As a December 2017 government union strike in Oakland, California’s eighth largest city, confirmed, this was no idle threat. According to one newspaper account, the Oakland strike halted basic city functions like “checks of building plans, fire inspections, parking enforcement and street sweeping” while also closing services like “senior centers, libraries, recreation centers, and after-school programs.”

Regardless of what they think about labor unions in general, most Americans would surely agree that a system that empowers a special-interest group to prevent schools from doing what they deem necessary to serve schoolchildren, their parents and other taxpaying citizens is not a good one.

How Does Assisting Union Radicals Like Alex Caputo-Pearl ‘Serve’ Taxpayers’ Interests?

But Xavier Becerra, California’s union-label attorney general, has an altogether different perspective.

According to Mr. Becerra, empowering government union kingpins like Mr. Caputo-Pearl to create state crises serves “important interests of public employers” in California and other states, as he and attorney Aimee Feinberg recently wrote in a commentary they coauthored.
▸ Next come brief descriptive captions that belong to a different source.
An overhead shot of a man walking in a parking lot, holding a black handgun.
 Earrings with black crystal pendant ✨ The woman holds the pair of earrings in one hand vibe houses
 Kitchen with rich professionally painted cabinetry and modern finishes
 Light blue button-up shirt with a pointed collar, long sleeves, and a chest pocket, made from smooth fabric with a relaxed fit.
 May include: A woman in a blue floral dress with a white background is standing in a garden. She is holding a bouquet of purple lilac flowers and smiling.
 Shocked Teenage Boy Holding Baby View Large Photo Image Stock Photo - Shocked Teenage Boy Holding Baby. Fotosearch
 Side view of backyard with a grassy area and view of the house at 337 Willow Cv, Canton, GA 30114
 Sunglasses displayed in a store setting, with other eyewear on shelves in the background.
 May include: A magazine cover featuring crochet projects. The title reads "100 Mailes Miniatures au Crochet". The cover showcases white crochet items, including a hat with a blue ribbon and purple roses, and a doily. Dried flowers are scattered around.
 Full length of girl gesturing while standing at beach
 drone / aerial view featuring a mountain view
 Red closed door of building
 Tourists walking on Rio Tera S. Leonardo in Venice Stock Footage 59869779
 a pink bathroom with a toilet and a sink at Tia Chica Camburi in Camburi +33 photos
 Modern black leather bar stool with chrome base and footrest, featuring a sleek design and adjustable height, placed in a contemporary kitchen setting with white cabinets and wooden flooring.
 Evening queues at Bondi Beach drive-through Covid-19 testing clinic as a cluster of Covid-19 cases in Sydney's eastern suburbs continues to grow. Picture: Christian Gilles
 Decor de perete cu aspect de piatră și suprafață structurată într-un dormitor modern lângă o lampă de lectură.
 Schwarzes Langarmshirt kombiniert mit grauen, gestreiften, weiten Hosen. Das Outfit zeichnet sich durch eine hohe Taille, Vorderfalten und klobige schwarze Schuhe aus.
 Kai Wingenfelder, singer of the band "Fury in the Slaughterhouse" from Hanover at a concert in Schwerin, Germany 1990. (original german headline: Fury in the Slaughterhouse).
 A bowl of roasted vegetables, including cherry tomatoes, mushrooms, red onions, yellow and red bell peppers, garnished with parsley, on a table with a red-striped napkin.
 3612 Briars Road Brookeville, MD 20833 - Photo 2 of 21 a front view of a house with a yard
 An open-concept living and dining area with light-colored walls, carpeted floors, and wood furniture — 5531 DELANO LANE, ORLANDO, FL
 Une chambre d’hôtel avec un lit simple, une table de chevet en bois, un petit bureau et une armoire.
Indeed, Mr. Becerra and a number of other Big Labor state politicians go so far as to contend that government-sector union monopoly bargaining is a “vital public interest.”

And in briefs filed this winter with the U.S. Supreme Court regarding the landmark National Right to Work Legal Defense Foundation case Janus v. AFSCME Council 31, Mr. Becerra and other likeminded politicians go even further. They actually claim it is constitutionally acceptable to force unwilling public employees to pay for union monopoly bargaining or be fired.

‘Xavier Becerra Illustrates How Political Self-Interest Can Warp a Person’s Judgment’

John Kalb, vice president of the National Right to Work Committee (the Right to Work Foundation’s sister organization) commented: “I think the experience of California and many other states actually shows government-sector union monopoly bargaining is a detriment for taxpayers and not a benefit at all.

“But even if corralling public servants into unions whether they personally want them or not did somehow help taxpayers, it still would not justify trampling on the First Amendment freedom of union non-members not to bankroll Big Labor advocacy with which they disagree.

“Ordinary Americans have no trouble recognizing this fact. But Xavier Becerra illustrates how political self-interest can warp a person’s judgment.”